Raga Durga is very popular in Indian music. It has an audhava or a pentatonic scale. This scale is also found in traditional music of Chinese and Japanese origin. It is also known as Raga Shuddha Saveri in the Carnatic tradition. An interesting aspect of this scale lies in the fact that every Murchhana (also known as Graha Bheda or scale change) gives rise to another well known pentatonic scale. We encountered this earlier in the case of Raga Bhoopali. Raga Durga showed up as the third Graha Bheda of Raga Bhoopali. Thus, the set of Ragas Bhoopali, Madhmad, Malkauns, Durga and Dhani are mutually related through Graha Bheda. Take a look at the article on Raga Bhoopali for more information.
Given the long history of Indian Classical music with multiple threads of evolution, the names of Ragas can often be confusing. I find the name, Shuddha Saveri, somewhat confusing.
Let me explain what I mean. In the Carnatic system of naming Swaras, the lowest position of a note in the 12 note scale is denoted as a Shuddha note. Now what that means is Shuddha Re means the lowest re or komal re. Now, there is a scale called Saveri whose Swaras are Sa re ma Pa dha SA Ni dha Pa ma Ga re Sa. As you can see, this scale already has the lowest re and dha or the Shuddha re and Shuddha dha.
However, Shuddha Saveri actually uses Re and Dha which are a semi-tone sharper. Now, in North India, in the Hindustani system, the sharper notes are called the Shuddha notes. Does it mean that the nomenclature Shuddha Saveri is a North Indian nomenclature? If so, then what is Durga?
Let me add some more confusion to this. There is a Raga called Karnataka Shuddha Saveri, which is called Shuddha Saveri according to the Dikshitar school of music, with the notes Sa re ma Pa dha SA dha pa ma re Sa. This seems to be consistent with the convention of note nomenclature, but resembles Saveri rather than the currently titled Shuddha Saveri.

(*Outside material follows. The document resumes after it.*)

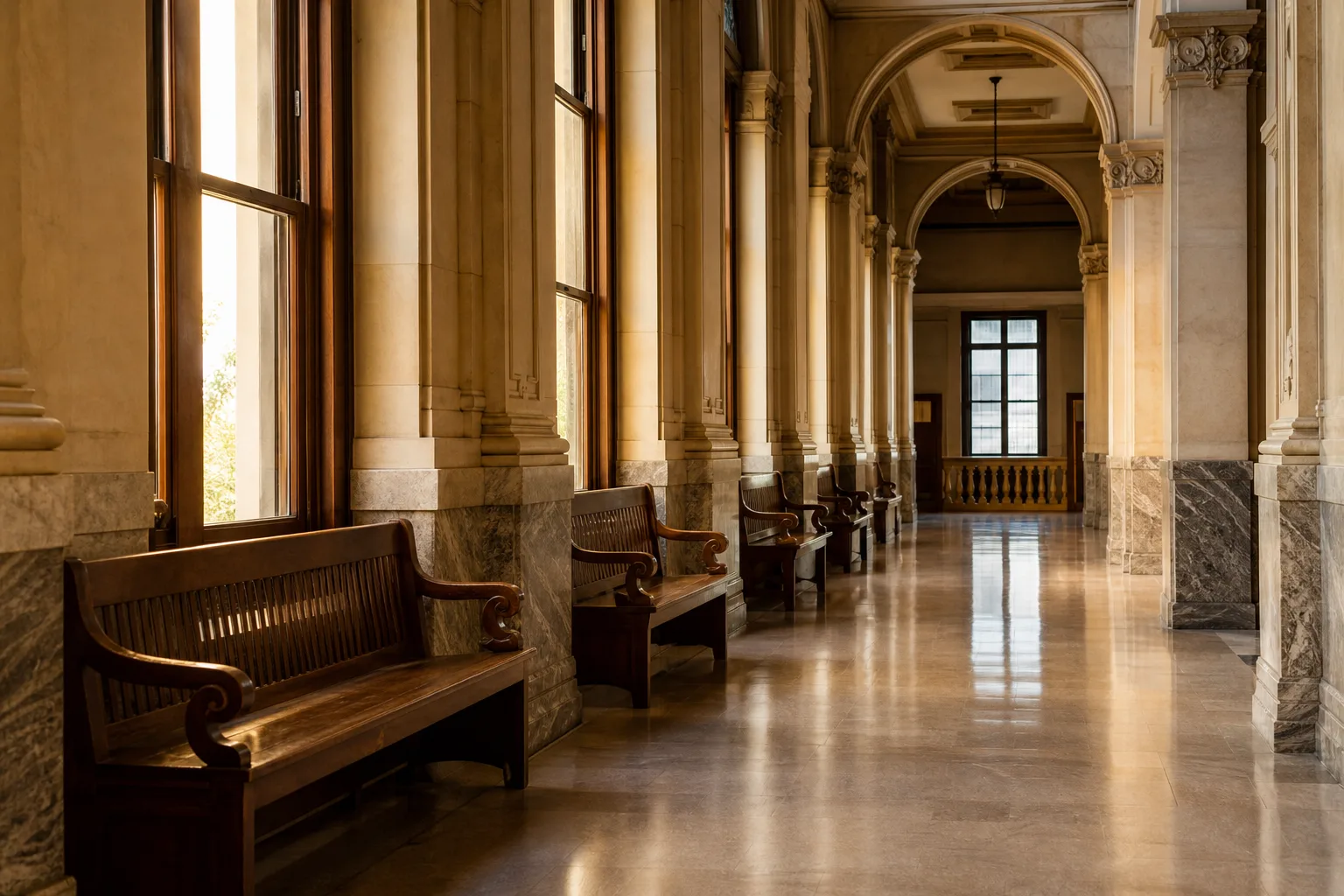 A quiet county courthouse hallway representing Indiana probate and civil court process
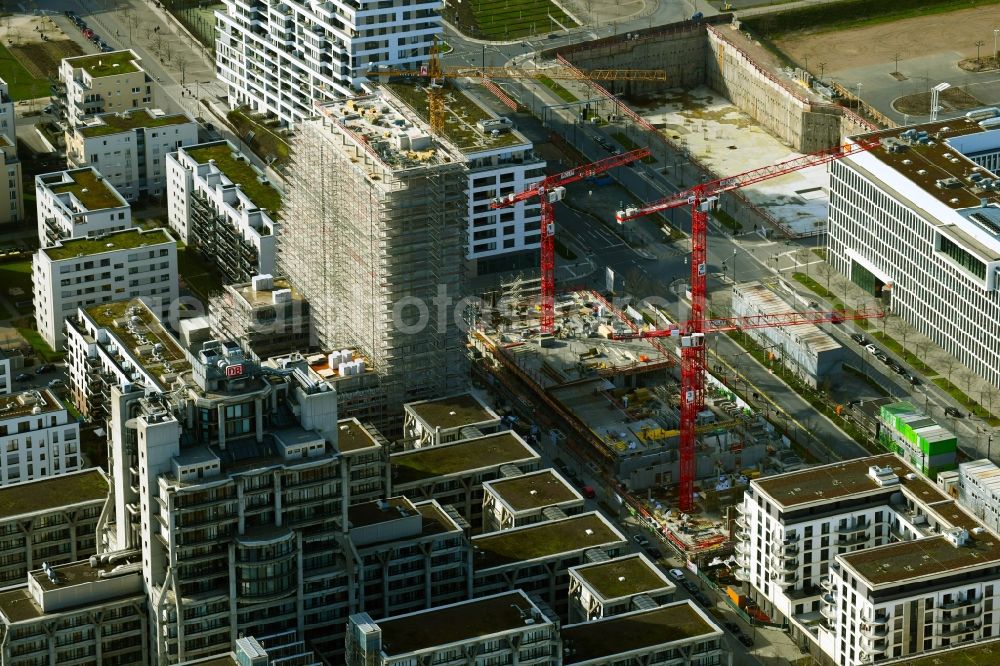 Aerial image Frankfurt am Main - Building site office building ZEBRA on Hattersheimer Strasse corner Europa-Allee in the district Gallus in Frankfurt in the state Hesse, Germany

Finally, Raga Durga is called Raga Devakriya in the Dikshitar tradition.
Regardless of the name, Raga Durga is a beautiful Raga. The use of the consonant pairing of Sa-ma, Re-Pa and ma-Dha makes this Raga very beautiful.
Raga Alapana is an improvisation and a systematic presentation of a Raga. This part has no rhythmic accompaniment. Usually, it has three parts - Alap, Jod and Jhala. This format is also known as Ragam and Tanam.
Here are some notes about the Raga.
Raga - Durga
Scale - Sa Re ma Pa Dha
Family - Shankarabharanam
Melakarta - Varjit (Ga, Ni) Janya Raga of 29th Melakarta Shankarabharanam (Sa Re Ga ma Pa Dha Ni)
Prahar - 3rd and 4th prahar (equivalent to 3 PM - 9 PM)
In Indian Classical Music, the seven notes in an octave are called Sa Re Ga Ma Pa Dha Ni and then Sa comes again. Notes with a capitalised first letter are called Tivra (or sharp) notes. E.g., Re above. Notes written fully in lower case are called Komal (or flat) notes. E.g., ma above. Sa and Pa are always written with a capitalized first letter.
A Varjit Raga is a Janya (derived) Raga of a Melakarta (parent scale) in which one or more notes are dropped from the parent scale. In this case, Ga and Ni are dropped from the parent scale Shankarabharanam.
In Indian Classical Music, Ragas are classified into Prahars (time periods of a day or night) which are said to represent the most appropriate time to perform the Raga.